» RECORD SET:
━━━━━━━━━━━━━━━━

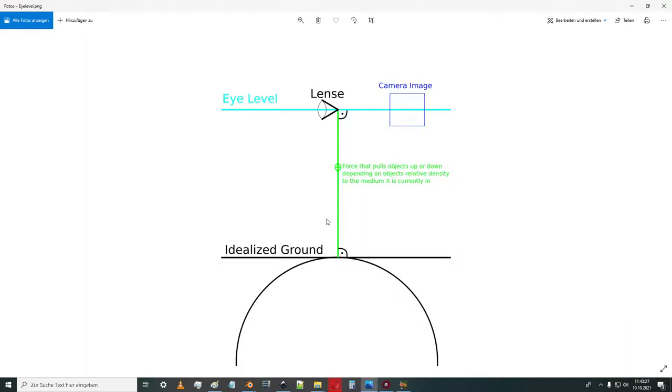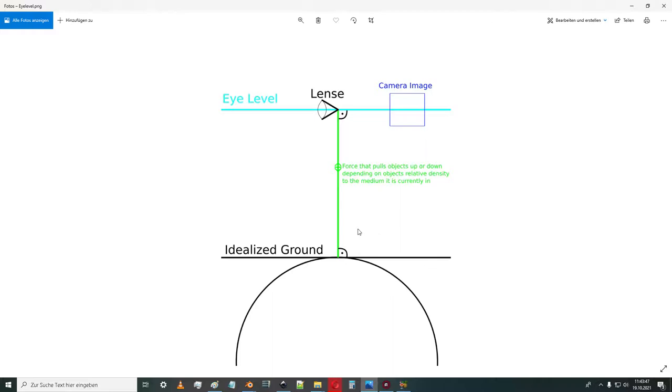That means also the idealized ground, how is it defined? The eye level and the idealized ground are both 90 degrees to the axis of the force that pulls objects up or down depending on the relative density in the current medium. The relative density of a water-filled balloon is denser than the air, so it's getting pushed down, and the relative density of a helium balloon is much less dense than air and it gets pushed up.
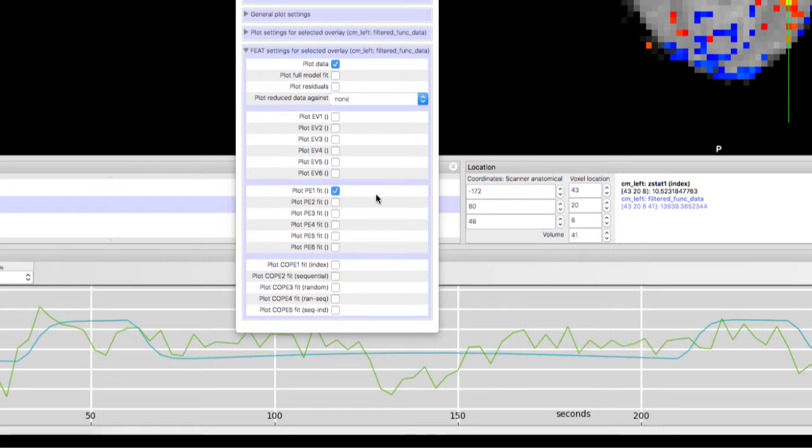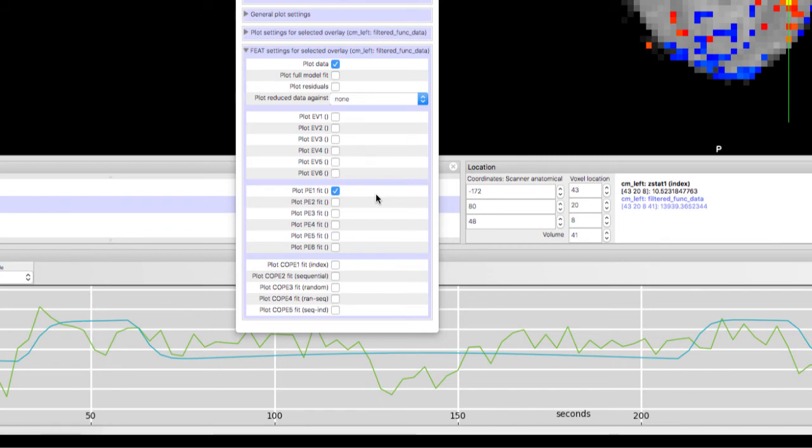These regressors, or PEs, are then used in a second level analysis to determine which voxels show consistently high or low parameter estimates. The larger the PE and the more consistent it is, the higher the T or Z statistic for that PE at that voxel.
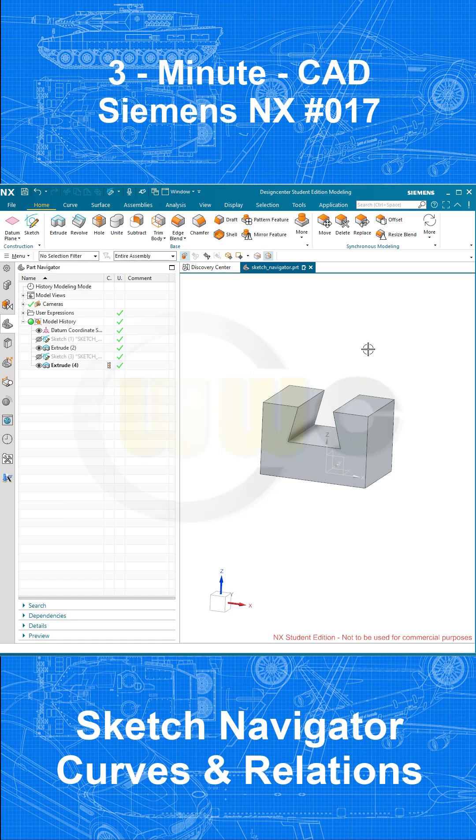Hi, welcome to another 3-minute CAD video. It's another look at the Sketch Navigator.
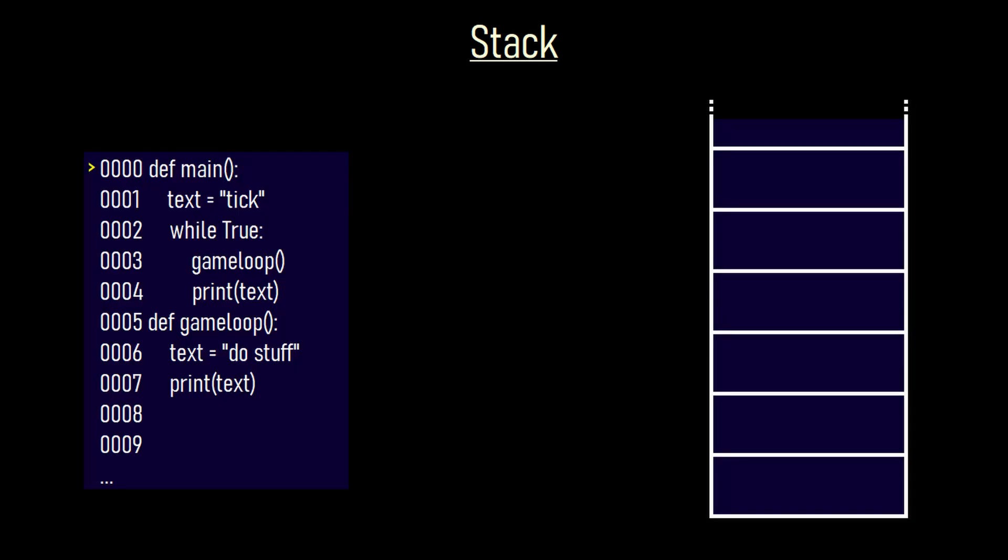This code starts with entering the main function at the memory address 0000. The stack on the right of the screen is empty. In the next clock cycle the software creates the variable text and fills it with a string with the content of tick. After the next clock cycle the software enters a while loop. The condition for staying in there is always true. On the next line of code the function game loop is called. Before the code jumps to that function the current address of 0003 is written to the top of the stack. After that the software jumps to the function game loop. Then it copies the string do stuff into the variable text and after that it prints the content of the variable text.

━━━━━━━━━━━━━━━━

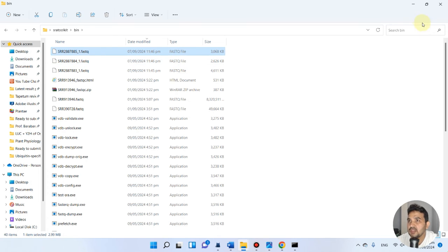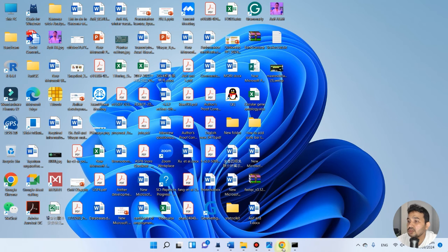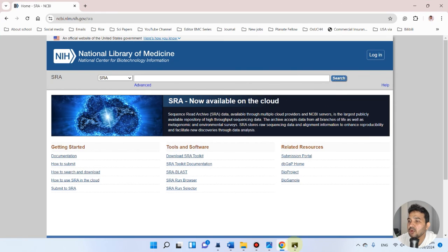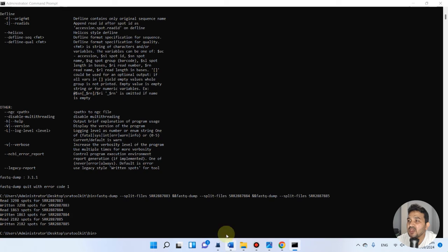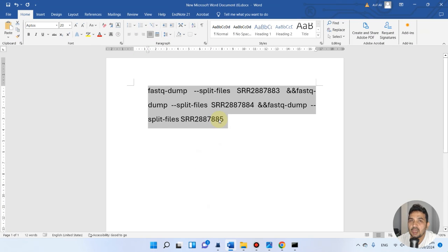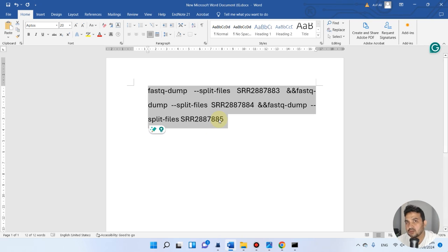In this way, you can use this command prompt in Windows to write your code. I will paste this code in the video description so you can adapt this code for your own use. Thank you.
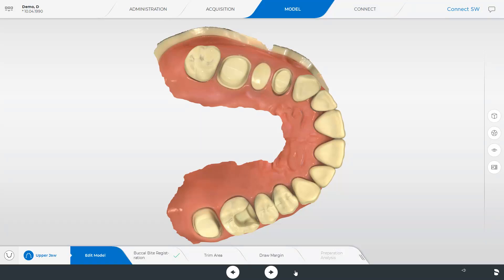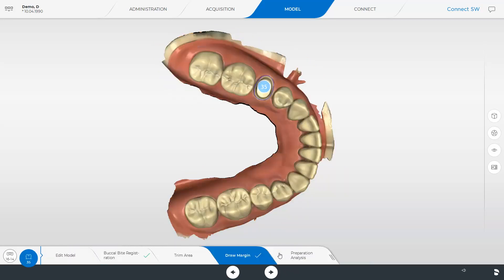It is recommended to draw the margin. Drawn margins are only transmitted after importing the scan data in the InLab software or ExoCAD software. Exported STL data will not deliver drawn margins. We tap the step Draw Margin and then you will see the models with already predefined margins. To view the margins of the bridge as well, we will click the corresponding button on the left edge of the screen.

━━━━━━━━━━━━━━━━

» ABOUT THIS TASK: The result should be an exact copy of only the lines above from the one that holds "That means also" through the one that holds "Hi, welcome to", both ends included, without pictures.

» RESPONSE:
That means also the idealized ground, how is it defined? The eye level and the idealized ground are both 90 degrees to the axis of the force that pulls objects up or down depending on the relative density in the current medium. The relative density of a water-filled balloon is denser than the air, so it's getting pushed down, and the relative density of a helium balloon is much less dense than air and it gets pushed up.
These regressors, or PEs, are then used in a second level analysis to determine which voxels show consistently high or low parameter estimates. The larger the PE and the more consistent it is, the higher the T or Z statistic for that PE at that voxel.
Hi, welcome to another 3-minute CAD video. It's another look at the Sketch Navigator.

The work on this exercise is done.